I learned that the Black August Memorial was created to commemorate eight revolutionaries who were assassinated by the amerikkkan white supremacist capitalist pigs; their names are Khatari Gaulden, George L. Jackson, Jonathan Jackson, William Christmas, James McClain, W.L. Nolan, Cleveland Edwards and Alvin “Jug” Miller.
I believe that Black August is more than just a time for Black conscious folks to celebrate by having parties and concerts. It symbolizes a time that we should be putting in work for our organizations and showing our support to brothas and sistas in the prison industrial complex who are sacrificing their lives every day for the liberation of Afrikan people.
With police terrorism being an everyday occurrence, our main concern should be to organize as a people. We are and we have always been at war with the state, so our main objective should be to promote unity in the Black/Afrikan community, armed resistance, political education, physical training and hard work.
Black August is the real “Black History Month.” This is a time to not only educate ourselves about Black revolutionaries inside the prison movement but to also learn about those who are involved in the Black Liberation movement as well.

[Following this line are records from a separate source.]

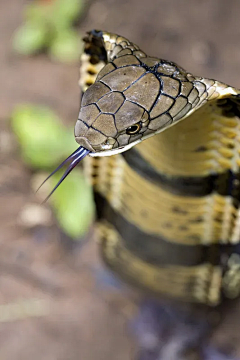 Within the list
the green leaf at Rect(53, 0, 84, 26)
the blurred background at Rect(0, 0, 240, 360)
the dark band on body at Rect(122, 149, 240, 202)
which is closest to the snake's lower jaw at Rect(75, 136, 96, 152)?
the dark band on body at Rect(122, 149, 240, 202)

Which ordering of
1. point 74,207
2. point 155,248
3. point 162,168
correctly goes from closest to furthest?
point 162,168
point 155,248
point 74,207

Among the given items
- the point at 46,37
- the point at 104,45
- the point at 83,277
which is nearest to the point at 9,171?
the point at 83,277

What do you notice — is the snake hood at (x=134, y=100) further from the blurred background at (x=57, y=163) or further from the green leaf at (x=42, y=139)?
the green leaf at (x=42, y=139)

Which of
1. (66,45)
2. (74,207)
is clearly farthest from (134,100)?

I believe that Black August symbolizes a time that we should be putting in work for our organizations and showing our support to brothas and sistas in the prison industrial complex who are sacrificing their lives every day for the liberation of Afrikan people.
Last year was my first year getting involved with Black August, and I learned a lot about the resistance of the prison movement. Since I am a determined person, I had no problem following the Black August regimen: fasting, no radio, no TV, physical training, political education, group economics and hard work.
I dedicated my time to George Jackson University by offering my administrative skills to the organization. One of the most challenging things for me to do last year was fasting from sun-up till sun-down. That was my first time fasting for an entire month, and it definitely made me appreciate the luxury of eating on my own time.
Black August is a time to not only educate ourselves about Black revolutionaries inside the prison movement but to also learn about those who are involved in the Black Liberation movement as well.
One of my most memorable moments during Black August was when me and my comrades watched documentaries about Cointelpro and the Black Panther Party; we also had productive discussions about the Black Power movement during the 1960s.
Black August has been a little different for me this year, since I haven’t been as disciplined when following the fasting requirements. Furthermore, Guerrilla Mainframe, my organization, promotes the fundamentals of Black August all year around, so we honor the spirit of all our great revolutionaries through hard work, self-determination, self-defense, group economics and Black unity.